The full text of the letter is HERE and below:
Director of Policy and Planning, Office of Head Start
Administration for Children and Families
U.S. Department of Health and Human Services
330 C Street, SW
Washington, DC 20201
Re: Comment to Proposed Rule "Restoring Flexibility to Support Head Start Program Access" (ACF-2026- 0364 )
Dear Director,
We write as Members of Congress in strong opposition to the proposed rule, "Restoring Flexibility to Support Head Start Program Access," published on May 12, 2026. This proposal would eliminate the wage and benefit standards finalized in 2024 - standards designed to stabilize the Head Start workforce and improve program quality for children and families. We urge the Trump Administration to withdraw this rule immediately.
At its core, this proposal asks the American people to accept that the teachers and staff caring for some of our nation's most vulnerable children should continue earning wages so low that many cannot afford to stay in the profession. That is not flexibility; rather, it is a continuation of the workforce crisis already forcing classrooms to close and cutting off access for the families who depend on Head Start most.
This proposed rule does not exist in a vacuum. It is part of a broader, systematic effort by the Trump Administration to dismantle Head Start. In 2025, a leaked Administration proposal would have eliminated the program entirely.

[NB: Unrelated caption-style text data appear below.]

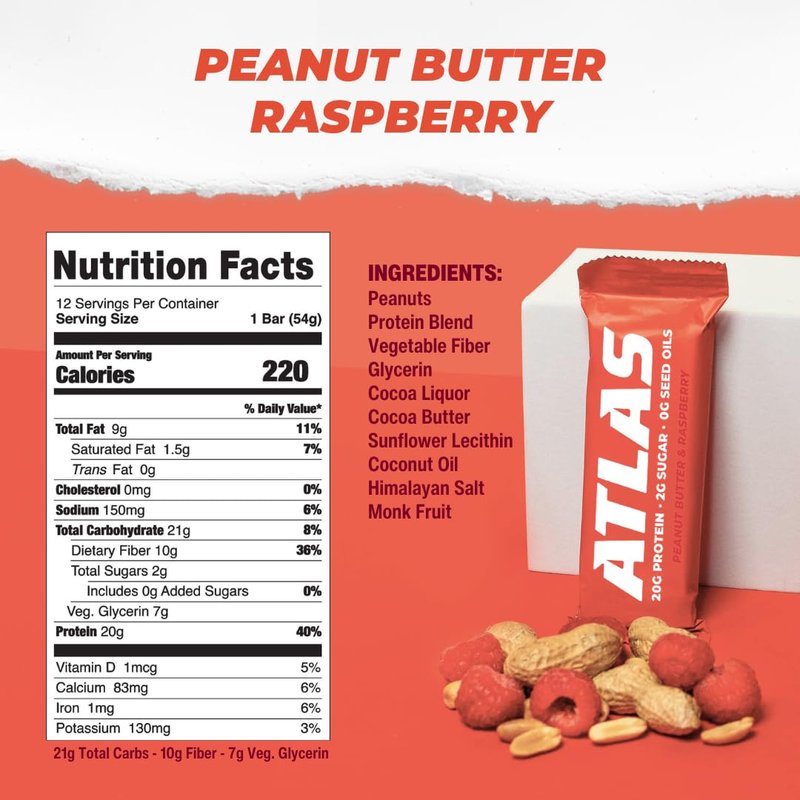 Atlas Real Food Protein Bar – 20g Protein, 10g Fiber, 1g Sugar, No Seed Oils, No Artificial Sweeteners (Variety, 4 Count)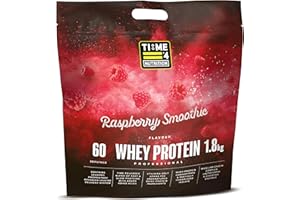 TIME 4 NUTRITION Time 4 Whey Protein Professional Time Release Grass Fed Native Whey Protein Powder, 84% Whey Concentrate, Partially Hydrolysed Whey Isolate, Micellar Casein, Leucine (Raspberry Smoothie, 1.8kg Bag)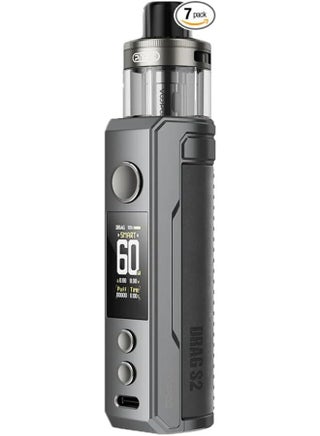 Drag S2 Gray Metal Vape Refill Juice Kit Pod System 3 Professional Modes with 5ml Tank An Adjustable Top Airflow 60W Gene TT 2.0 2500mA - view 2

While that plan was never finalized, the Administration pressed forward on multiple fronts. Five of the program's ten regional offices were shuttered, and by April 2025, the Administration had withheld nearly one billion dollars in federal grants to Head Start Centers nationwide. The consequences were immediate and severe: centers closed, families lost access, and teachers lost jobs. Then in July 2025, the Administration released a notice reclassifying Head Start as a "federal public benefit" - reversing an interpretation in place since 1998 - which blocks DACA recipients and those with Temporary Protected Status from enrolling in some Head Start programs. This proposed rule is the next step in that same effort to destroy Head Start piece by piece.
The Administration argues that the 2024 standards exceeded the authority provided under the Head Start Act. The statute itself directs the Secretary to ensure Head Start compensation is comparable to wages paid for substantially similar work in local communities and prohibits compensation from falling below the federal minimum wage. The 2024 rule did exactly that. It did not impose a one-size-fits-all national salary mandate. Instead, it created a locally calibrated framework tying compensation to comparable public preschool wages and encouraged programs to build sustainable salary structures based on training, experience, and responsibilities.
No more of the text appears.